Девятого июля Туркменский конный полк вошел в Ашхабад без боя. На Куропаткинской улице жители -города встретили джигитов цветами. На потных коней, на крепко сидящих в седлах всадников посыпались розы. Артык ехал впереди вместе с Алешей Тыжденко. Мелекушу была тесна Широкая улица. Натягивая поводья, он круто изгибал свою золотистую шею, подобную радуге. Один букет попал в грудь Аширу. Он поймал его и взглянул в сторону, откуда букет был брошен: светловолосая девушка в тонком шелковом платье усиленно махала ему рукой.
Ашир тоже помахал рукой девушке — она чем-то напоминала ему Шекер.
Глава двадцать шестая
Белые, разбитые на Закаспийском фронте, боясь, что астраханская флотилия ударит с моря, объявили Красноводск на осадном положении. Деникин, придавая особое значение Красноводску, гнал на Закаспий отряд за отрядом. Отступающие белые части взрывали за собой железную дорогу.
Но красное знамя Советов, рея в Ашхабаде — столице Закаспия, уже бросало свои алые отблески встепи, тянувшиеся вплоть до Красноводска.
Первого октября части Красной Армии овладели станцией Бами, в ста шестидесяти километрах к северо-западу от Ашхабада. Начались приготовления к наступлению на станцию Коч, которая была воротами Кизыл-Арвата, большого рабочего центра. Там были ремонтные мастерские Среднеазиатской железной дороги, в городе насчитывалось несколько тысяч рабочих.
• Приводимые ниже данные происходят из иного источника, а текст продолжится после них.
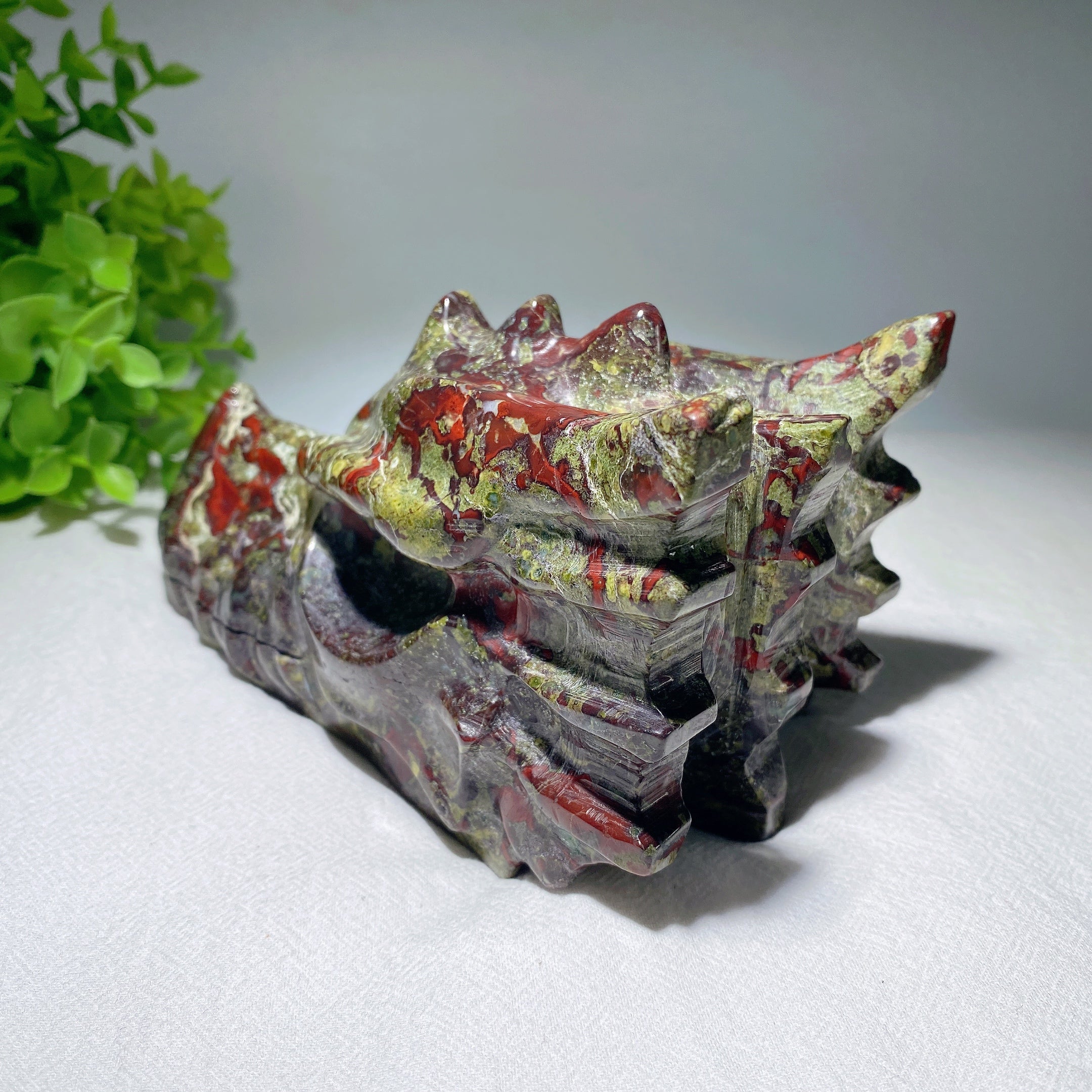 6.0 inch Dragon Blood Stone Head Carving for Healing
Задача дальнейшего наступления усложнилась потому, что Чернышов для усиления Туркестанского северного фронта отправил Казанский полк и еще несколько отрядов в сторону Аральского моря. Эшелоны были посланы тайно. Кроме командира и комиссара полка, никто не знал, куда они направляются. В официальном приказе говорилось, что полк идет на отдых. Красноармейцам было запрещено выходить на станциях из вагонов. Составы с тщательно затянутыми брезентом платформами и наглухо закрытыми вагонами двигались только ночью.
К этому времени штаб Деникина успел подбросить на Закаспийский фронт пехотные подкрепления и дальнобойные орудия. В результате наступление красных на станцию Коч было отбито. Конный полк Артыка в боях был сильно потрепан и отступал через старинную крепость Карры-Кала, в семидесяти двух километрах к югу от железной дороги.
Вернувшись с полком в Бами, Артык получил из аула тревожные вести: в Теджене хозяйничал Ходжамурад. В крайнем раздражении Артык пошел к Чернышову.
— Товарищ командующий, ради чего мы проливаем кровь? — выпалил он сразу.
Чернышов удивился такому вопросу, но, думая, что Артык расстроен неудачей на фронте, спокойно ответил:
— Что поделаешь, товарищ командир, — война! Бывают и неудачи.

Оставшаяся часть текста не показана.